My parents didn’t notice, nor were they particularly affected by the sermon themselves. I, however, was already trained to read the Bible with the utmost conviction of its indisputable truth (that old hill Christianity seems eager to die on). I was also a creative child, despite being imbued with the thoroughly-protestant disbelief in monsters. This interplay of belief and imaginative space left me perfectly ripe for my first encounter with the holy, synonymous, in my case, with horror.

I guess you could say this early experience left me ready to draw these parallels. As it relates to this chapbook, what I want to publish are stories that echo with the sensations I remember vividly from that sermon: an intermingling of awe and horror at the doorstep of the unexplainable. Perhaps this metric is far too subjective. Perhaps it isn’t. We’ll see.

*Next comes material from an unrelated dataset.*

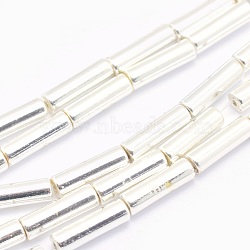 Electroplate Non-magnetic Synthetic Hematite Beads Strands, Grade AA, Long-Lasting Plated, Column, Silver Plated, 13x4mm, Hole: 1mm, about 30pcs/strand, 15.7 inch(40cm)(G-L485-18-S)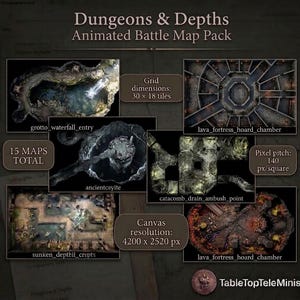 Puede incluir: Paquete de mapas de batalla animados Dungeons & Depths con 15 mapas en total. Incluye dimensiones de cuadrícula de 30 x 18 casillas, un paso de píxel de 140 px/cuadrado y una resolución de lienzo de 4200 x 2520 px. Muestra varios entornos subterráneos.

More interesting than my own inclination is the fact that I’m not alone. Soon after reading Schneider’s Horror and the Holy, which persuasively (if a little simply) argues that horror and the holy both operate in terms of extremes—namely, infinite expansion and constriction—I continued to look for writers willing to consider horror fiction sincerely within this obvious yet counterintuitive (thanks in large part to wrong-headed antagonism perpetrated by religion, leading to things like the “Satanic Scare” of the 80’s) context. Victoria Nelson has written two excellent books (The Secret Life of Puppets and Gothicka) that loosely explore this theme and many more; the fiction of H. P. Lovecraft has become a breeding ground for “alternative spiritualities” (see “Calling Cthulhu” in Erik Davis’ Nomad Codes: Adventures in Modern Esoterica, or Scott R. Jones’ When the Stars Are Right: Towards an Authentic R’lyehian Spirituality); horror cinema, as Douglas E. Cowan points out in Sacred Terror: Religion and Horror on the Silver Screen, is awash with conscious references to its own relationship to religion; the work of Jeffrey Kripal and Whitley Strieber posits a sense of religiosity intimately tied to the world of genre fiction, and immensely influential thinkers like Georges Bataille and Antonin Artaud have been alerting us to the transcendental potential of the horrific for half a century. The list goes on, all the way back to Rudolf Otto (yes, for the moment, we’re ignoring the Kantian and Burkean “sublime”), whose description of the experience of “the numinous” in The Idea of the Holy is fraught with horror. And it’s from this book that I’ve lifted the title of this little series. 

 

Mysterium Tremendum: “awe-inspiring mystery.” Readers of Lovecraft’s Supernatural Horror in Literature will find good weird fiction described in similar terms—a “spiritual horror” is one that transcends the “acceptance of popular standards” (53) and plunges us headlong into the abyss of the unknown. That, in this beautiful time of ours, rife with malcontent and blown wide open to a renaissance of horror fiction, is what every publisher of weird fiction and cosmic horror seeks to publish, even if they don’t view this aesthetic as particularly resonant with the mystery of the holy. It would be redundant to plant our flag on that hill and call it a day.

More than one writer of horror has spied this resonance and consciously sought to emphasize the presence of holiness at the heart of their craft. This is the horror fiction we want. We are happy to feature three such writers in this issue. This publication will have served its purpose if it creates a space that encourages further conscious exploration of this theme. It’s my opinion that the more horror can recognize its own motivations, the more likely it is to move forward. That is always the goal, isn’t it? Forever forward, forever into the unknown.